This book is a scathing indictment of the U.K.’s Vickers commission report on banking, and with good reason. The opening sentence of the Executive Summary reads:
“The Independent British Banking Commission, the Vickers Commission was charged with keeping the British economy safe from another major failure of its banking system – a failure from which the UK economy is still reeling. Unfortunately, it’s done nothing of the kind.”
And later in the summary, Kotlikoff says,
“Instead of fixing the real problems with banking - opacity and leverage – the Vickers Commission Report pretends to fix banking by re-arranging the deck chairs.”
The book is short: roughly 25,000 words. But quality is more important than quantity.
The Vickers commission proposes splitting banking into two categories (in a similar way to Glass-Steagall). There are “High Street / retail” banks (or bank subsidiaries), and in contrast “casino / investment” banks (or bank subsidiaries), and the two are allegedly separated by a “ring-fence”.

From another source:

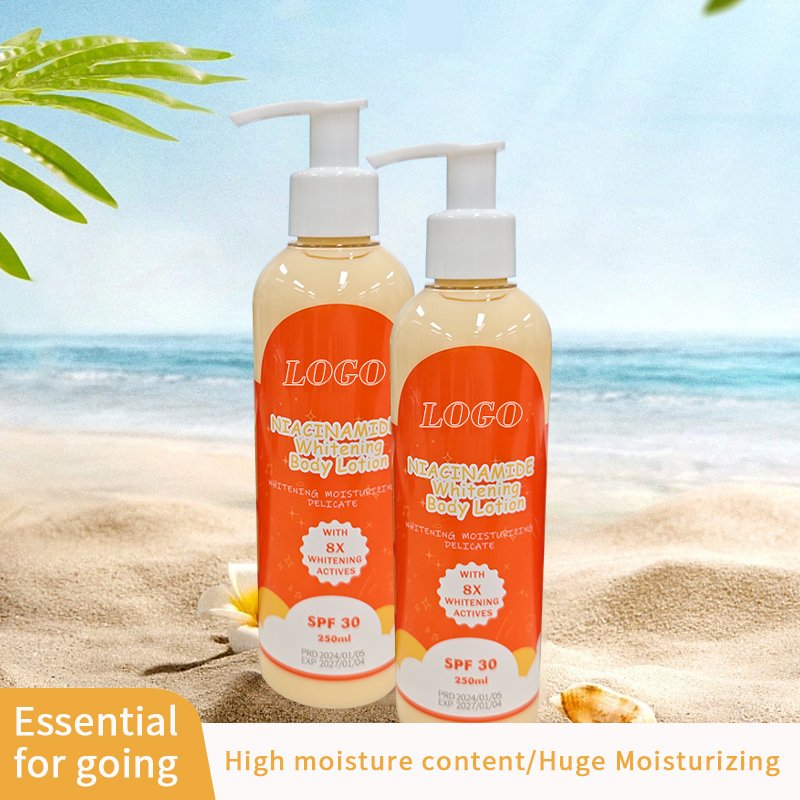 Factory cheap good quality and in stock niacinamide spf 30 lightening whitening moisturizing body lotion shimmer cream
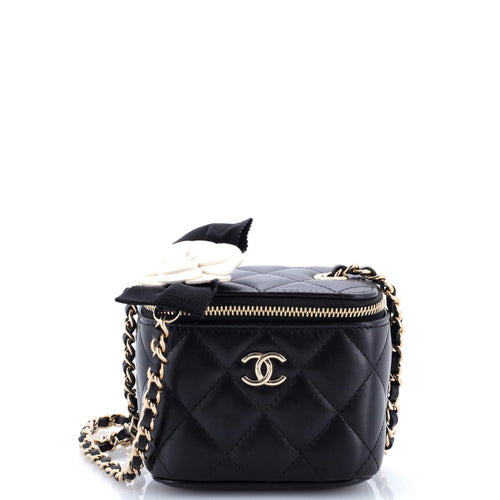 CHANEL Lock Frame Vanity Case with Chain Quilted Lambskin Small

Some basic points made by Kotlikoff are as follows.
1. Vickers HINTS that it would let investment banks go bust. But as is obvious from the demise of Lehmans, it is very doubtful as to whether that was a good idea. The consequences were disastrous. So would Vickers let investments banks go bust? They aren’t clear on that one.
2. Vickers proposals would not have saved Lehmans.
3. Several crucial decisions as to what needs to be done to effect the much vaunted ring fence are just not taken by Vickers. That is, the Vickers report leaves those decisions to “the regulators”. (That’s the folk with a proven inability to regulate banks.) As Kotlikoff says in his conclusion, “The Commission’s proposals are a full employment act for regulators.”
Incidentally, Kotlikoff missed a trick here. One of decisions you might think Vickers would have taken in relation to it’s “ring-fence” is the decision as to whether ring-fenced banks can lend to large corporations. But they shy away from that decision (top of p.12 of the Vickers report).
4. Vickers fails to deal with the central problem with banking in its present form. This is that banks can promise to return £X to depositors for every £X deposited at the same time as investing or lending on that money in ways that are nowhere near 100% safe. And as soon as those investments / loans turn out to be worth significantly less than their face value, the bank is bust. How many European banks are currently bust in all but name? We don’t know.
The solution is to bar banks from taking the above risk: that is, it’s depositors who have to take the risk. Under Kotlikoff’s “narrow banking” proposals, a depositor can let their bank do anything they like with their money. If a depositor wants their money invested in for example the chemical industry, the money goes into a chemical industry mutual fund (unit trust in the UK). And the value of those funds / trusts rises and falls in line with the performance of the underlying assets.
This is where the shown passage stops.